Upon reaching immigration, however, we learned that we could not proceed further unless all our bags had name-tags on them (they have to stamp the name-tags. Of course, they didn’t have any at customs . . .). We went downstairs to get name-tags. So now it is 10:35PM – 35 minutes to take off. The security line was of course about 100 people deep with little organization (imagine a snaking line but without any ropes to define the snake).
By 10:50 we had moved about 1/2 through the line and were getting a little antsy about getting on our flight. Amazingly, the guy who had been handling the check-in for Singapore Airlines was now suddenly in charge of the security line. Perhaps recognizing that my prediction that we would miss the plan was indeed coming true, he grabbed us and rushed us to the front of the line.
By 11PM we made it through security, and then through the ‘bag name-tag’ check. After that there was yet another security counter (not sure what this one was about) but as our plane was about to take off, the security folks allowed us to skip this last bit of security and actually catch our plane.
By contrast, when I arrived in Singapore, the process was a wee bit easier to say the least. Instead of gigantic lines, I simply grabbed a number from a machine and waited to be called. While waiting, I enjoyed a fresh-squeezed grapefruit juice and a free foot massage (by a machine). Had I wanted to, I could have also taken advantage of free Internet, free Xbox video games, a free movie theater, free roof-top pool, an orchid garden, and plenty of duty-free shopping.
When it was finally my turn to talk to someone in customer service, I was told that they would page me when they knew of my status. For the record, there were only three people working the customer service line. Sure enough, 45 minutes later I was paged and got a seat on the plane. The woman at the customer service even recognized me before I approached her.
So, let’s review. Bangalore with its flaming piles of trash, closed airport entrance, long lines, unhelpful gate agents, random security name-tag rules, and 25 people sitting around chatting . . . versus Singapore with free foot massages, orderly lines, and just three customer service agents who managed to efficiently serve everyone they encountered.

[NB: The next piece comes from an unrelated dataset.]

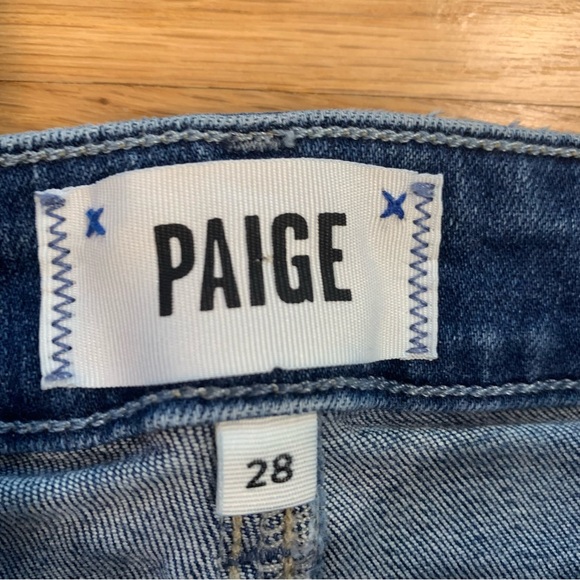 PAIGE High Rise Laurel Canton Jacques Bootcut Denim Jeans Medium Wash Sz 28 - Picture 8 of 15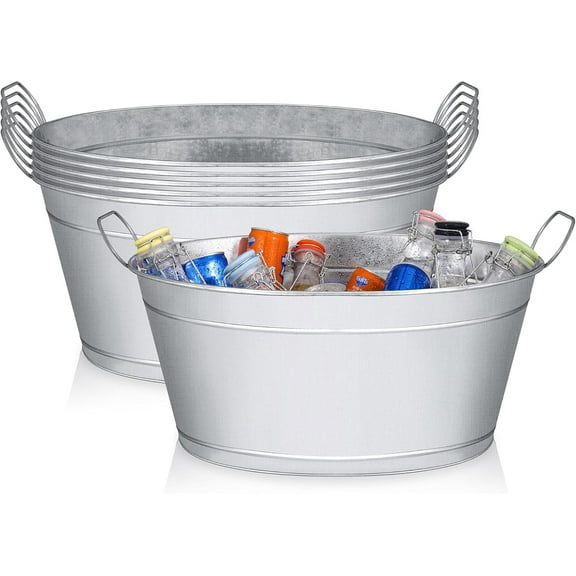Large 6-Gallon Galvanized Tin Beverage Tub, 20x14x10 inches (Pack of 6)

Bangalore, where only by pushiness and sheer will was I able to make my plane . . . versus Singapore where I waited patiently, fully confident that if I had a right to make the plane, it would happen.
India, with 1.1 billion people and GDP of $720B ($654 GDP per capita) . . . versus Singapore, with 4.5 million people and GDP of $110B ($224,000 GDP per capita).
For the record, I recognize that there are aspects of Singapore that I could easily criticize – the Draconian government, the blind obedience of its citizens’ to order at all costs, etc. Is the trade-off between less freedom and more order worth it? Do the means justify the ends?
At the end of the day, it isn’t for me to decide. It’s really up to the people of India and Singapore to determine what’s right for them.
I can say this though: from a purely business perspective, I am certain that the heavy-handedness of the Singaporean government provides more opportunities than the apparently laissez–faire approach of Indian leaders. Singapore is a country built for business. India is a country with tremendous business opportunities, most of which will remain untapped as long as the government is unable to create order from the chaos.
That makes travel frustrating for me. More importantly, for all of the smart people I met during my time in Bangalore, disorder restricts their ability to fully participate in – and benefit from – the global economy. That’s a shame for them, and for us as well.